What Can You Expect at the Airport?
There will, of course, be many differences to how things were before Coronavirus restricted the world. You’ll notice these at the airport, on the plane, and when you arrive in your destination airport in Spain. You need to wear face masks in airports and on the plane.
You will have your temperature taken and be issued with a certificate of health. Our advice is to carry this with you at all times. When you arrive in Spain, you’ll need to present this certificate and you’ll have your temperature measured again. Social distancing rules will apply, and you’ll be requested to sanitise your hands regularly.
Do You Have to Wear a Facemask When You’re Cycling?
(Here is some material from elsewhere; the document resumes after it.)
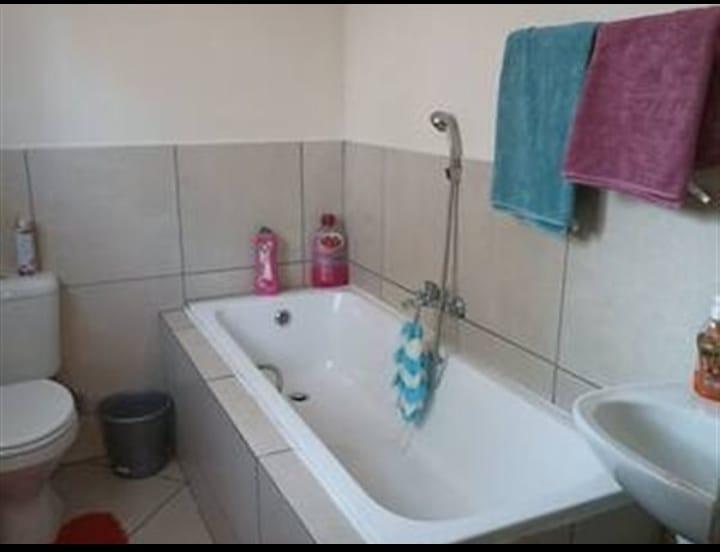 To Let 3 Bedroom Property for Rent in Noordwyk Gauteng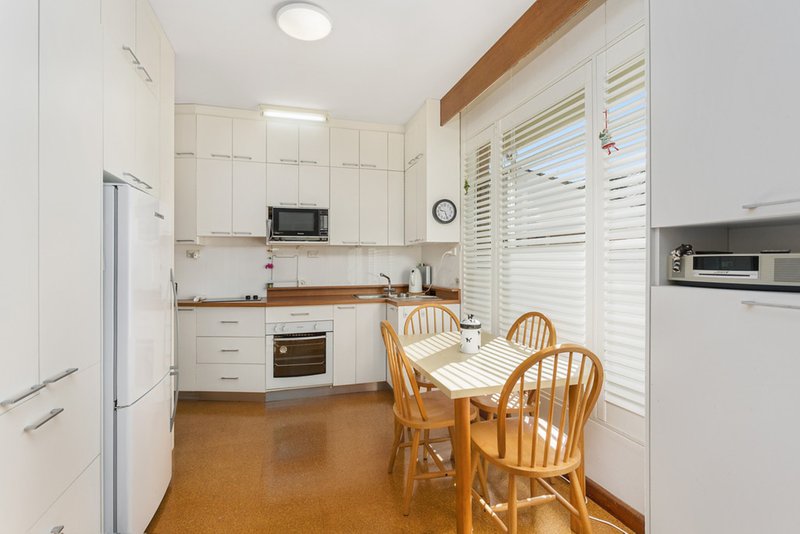 Photo - 56 Manor Road, Hornsby NSW 2077 - Image 12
Good news! You won’t need to wear a mask when you are cycling, because this activity falls under the heading of sport.
However, you will need to wear a facemask at all other times if you are in a public place and cannot guarantee that you will be able to maintain a social distance of 1.5 metres. If you aren’t wearing a mask you will be refused entry into shops, restaurants and bars – though when inside restaurants and bars you won’t need to wear a mask.
A word of warning here, the Spanish system is strict. A good thing to try and control the virus. Fines for non-wearing of masks have recently been upgraded to €1,000 – and the police will enforce these fines. They will even take you to a bank to collect the fine from you. As well as cycling being an exception to the rule of wearing a mask, other exceptions include:
• People with breathing difficulties or other health issues who have been advised not to wear a mask (bring that proof with you)
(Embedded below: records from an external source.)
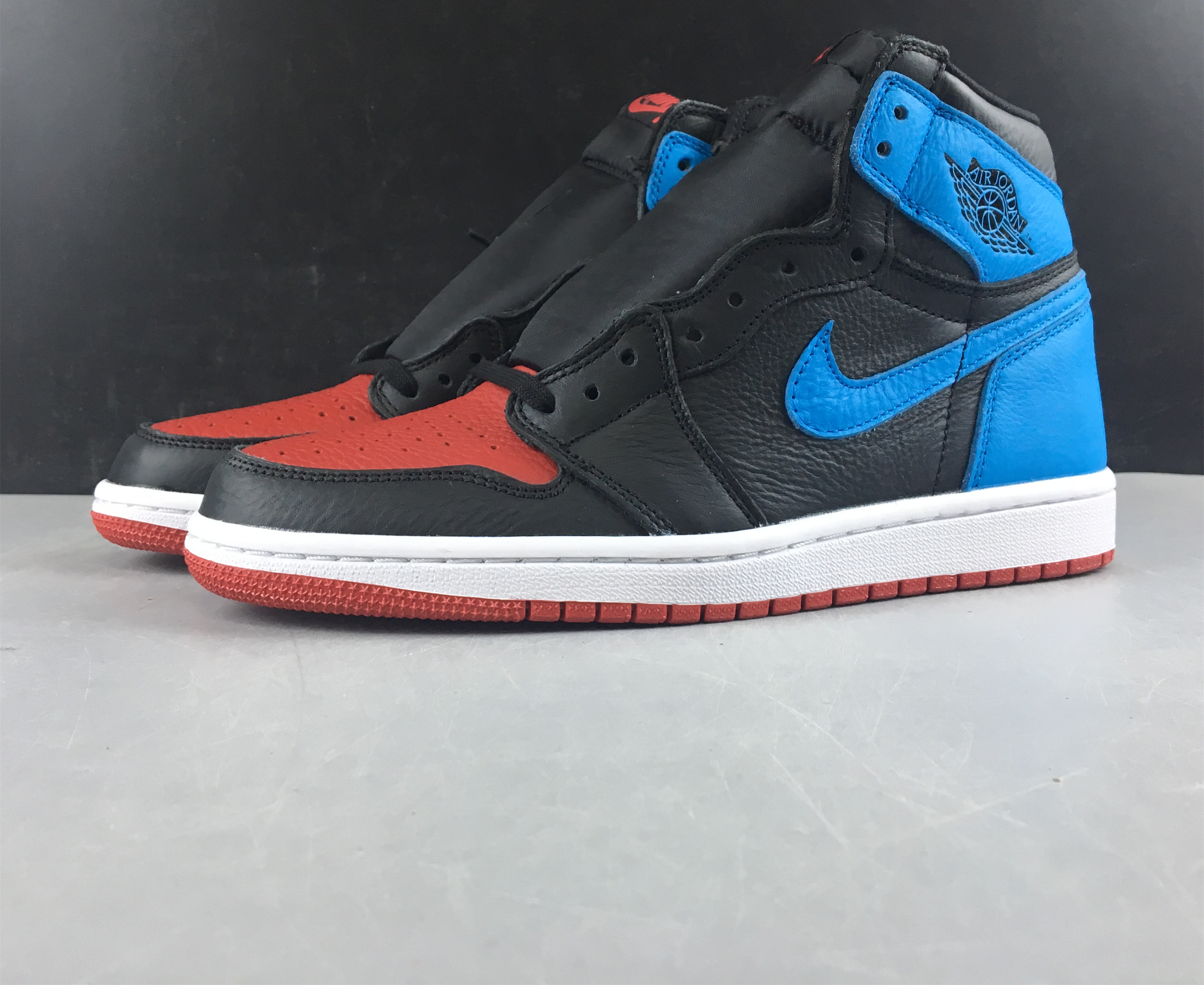 Air Jordan 1 High OG“Fearless”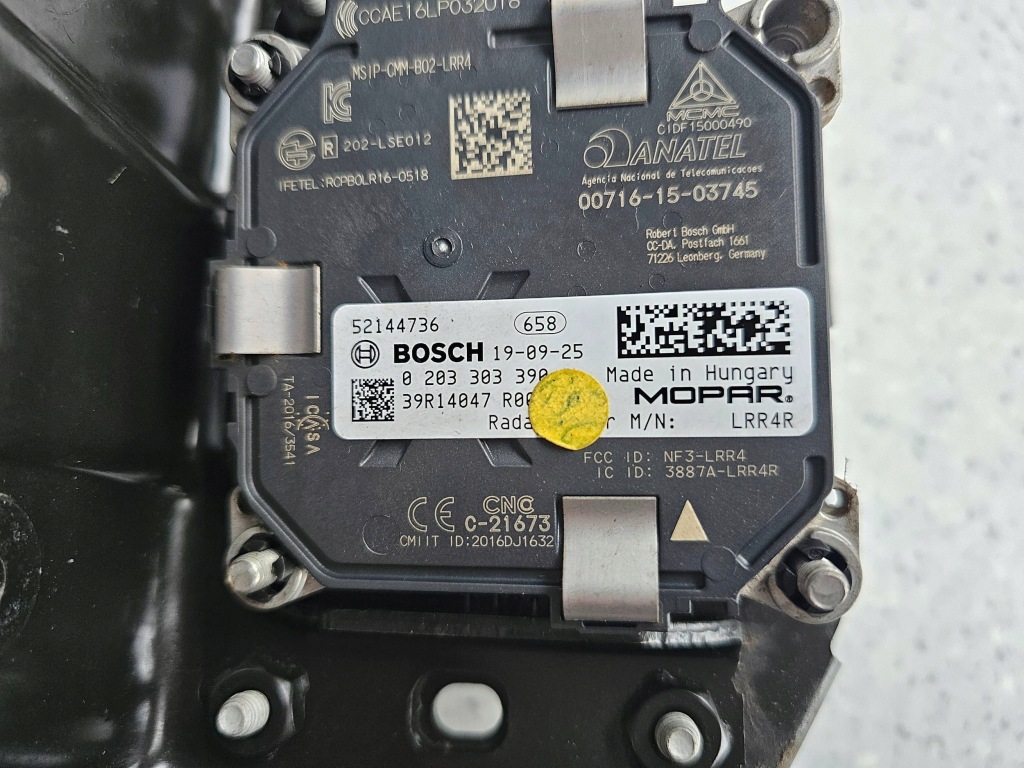 Jeep compass радар датчик distronic 52144736 Оригинал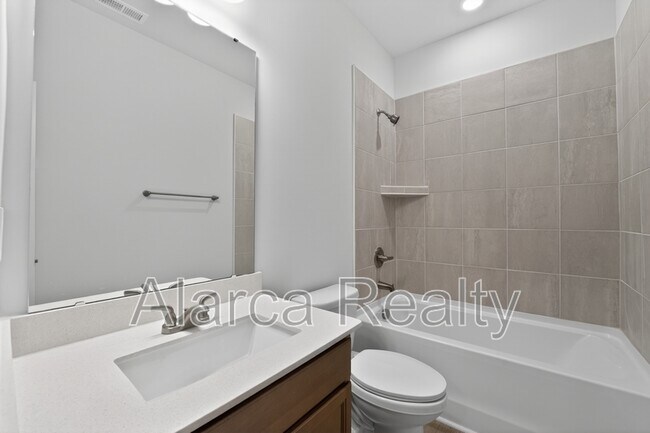 Building Photo - 2962 Sloan Dr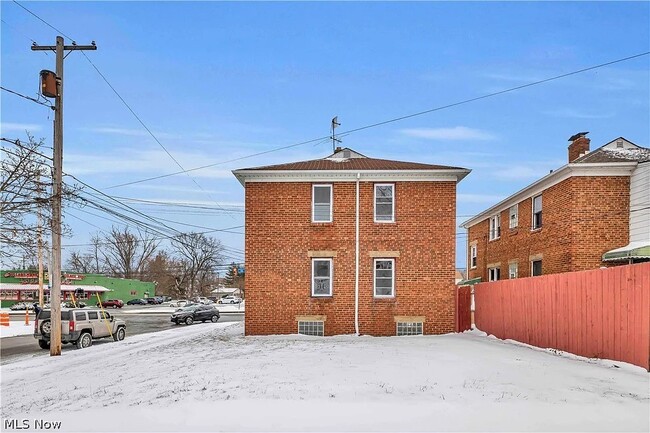 Photo - 3662 W 117th St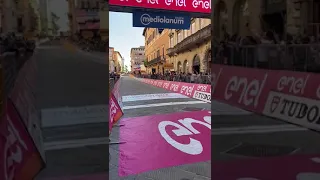 Giro d'Italia 2024, nella crono Foligno - Perugia vittoria di Pogacar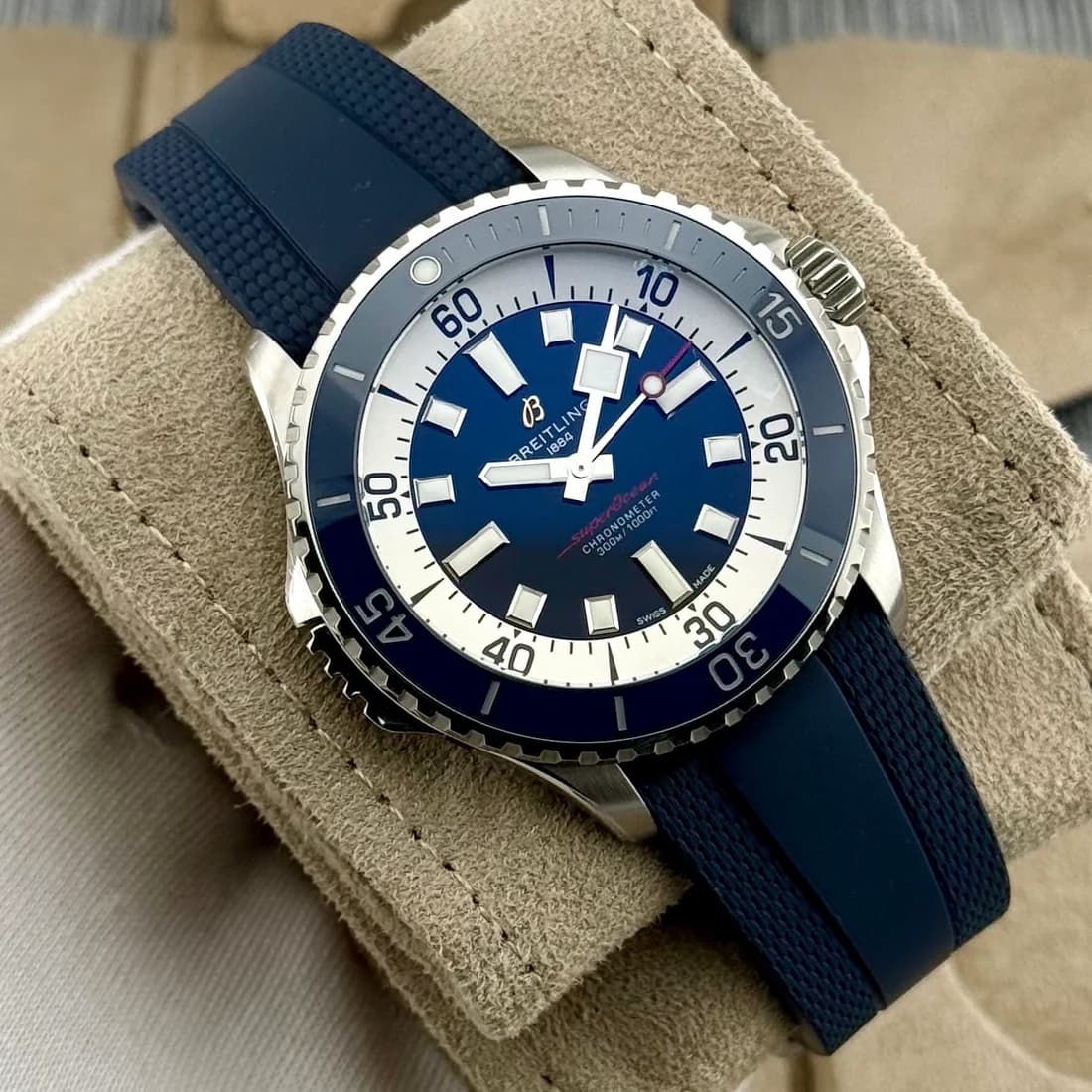 Breitling Superocean – Ref. A17378E71C1S1, Sehr gut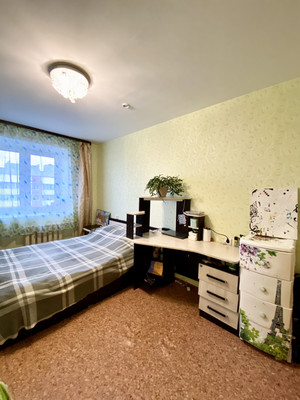 Продам трехкомнатную (3-комн.) квартиру, Зеленина ул, 1, Киров г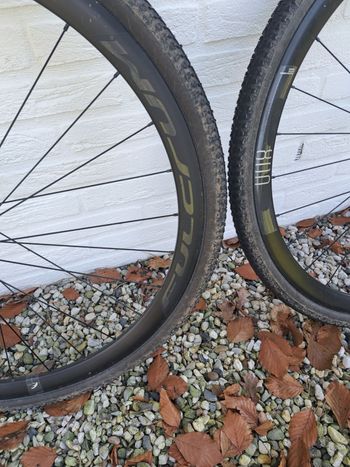Used Fulcrum Racing 800 DB Wheelset bike — image 2 of 7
• For those in stable family groups
You should add face masks to your essential packing guide. But, if you forget an extra supply, most shops and ‘farmacias’ sell face masks – and by law the usual face masks cannot be sold for more than €0.96 each, with most shops selling them much cheaper.
Cyclists Are Welcome in Barcelona
Though you should respect social distancing rules when out and about (a minimum of 1.5 metres), the Catalan regional government is taking measures to increase travel by bike and by foot. More streets have been reclaimed as safe for pedestrians and cyclists, with many closed to traffic during the weekends through to the autumn. Barcelona’s cycle hire or ‘Bicing’ has been reopened, with special hygiene measures and 57 new cycle hire stations and a network of safe cycling routes.
You’ll Be Washing Your Hands Often
When entering bars and restaurants, and many other public places, you are likely to be welcomed with a handheld digital thermometer. If your temperature is high, you will not be allowed to access the facility, and the authorities may be called as a precaution. You’ll also need to use hand sanitiser before you enter, and there will be sanitiser on the table for you to use. While the rules on approaching the bar have now been relaxed, many establishments still insist on table service. You waiter or waitress will be wearing a mask and gloves – so listen hard and give them a break: they are working under tough conditions and really want you to have a good time.
To Take in the Culture, You Need to Book
Another change you will notice is that municipal facilities – like art galleries, museums, and other cultural centres – have new maximum capacities of only one third previous capacity. This restricts the number of people allowed to enter. If you intend to visit any of these places, you should consider booking to avoid disappointment.
Your visits will be different, too. There will be no interactive displays, you will, of course, need to wear a mask, and there will be extra protective screening and signposting for queues. You’ll also notice more cleaning taking place, and this may limit the areas you can access.
Be Beach Aware
There are strict social distance rules on Catalonia’s beaches. You’ll be able to swim, but will need to remain 1.5 metres away from other bathers. You won’t be allowed to sit within 6 metres of water’s edge, and you won’t be able to set up impromptu group sports or games.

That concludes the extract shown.